=== Stored data ===
════════════════════
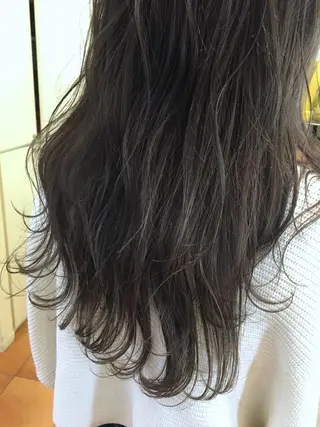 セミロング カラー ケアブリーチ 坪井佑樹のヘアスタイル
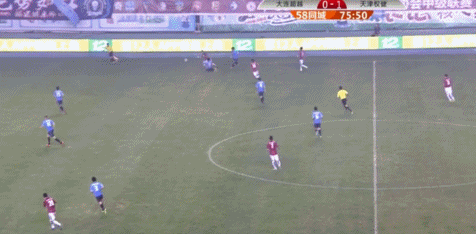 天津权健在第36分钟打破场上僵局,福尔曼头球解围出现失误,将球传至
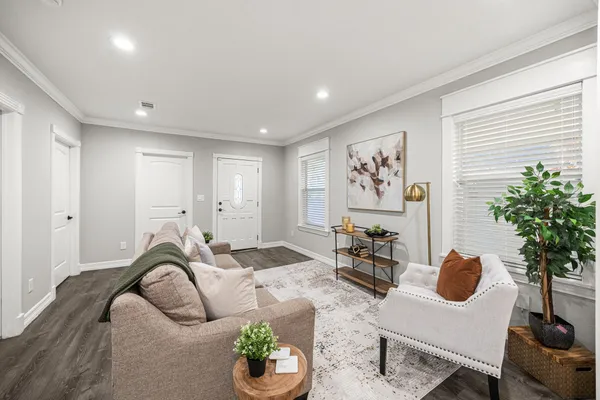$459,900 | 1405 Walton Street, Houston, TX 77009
════════════════════
=== What the exercise asks ===
All of the material above should be written out exactly as given, minus any images.

=== Final answer ===
 セミロング カラー ケアブリーチ 坪井佑樹のヘアスタイル
 天津权健在第36分钟打破场上僵局,福尔曼头球解围出现失误,将球传至
$459,900 | 1405 Walton Street, Houston, TX 77009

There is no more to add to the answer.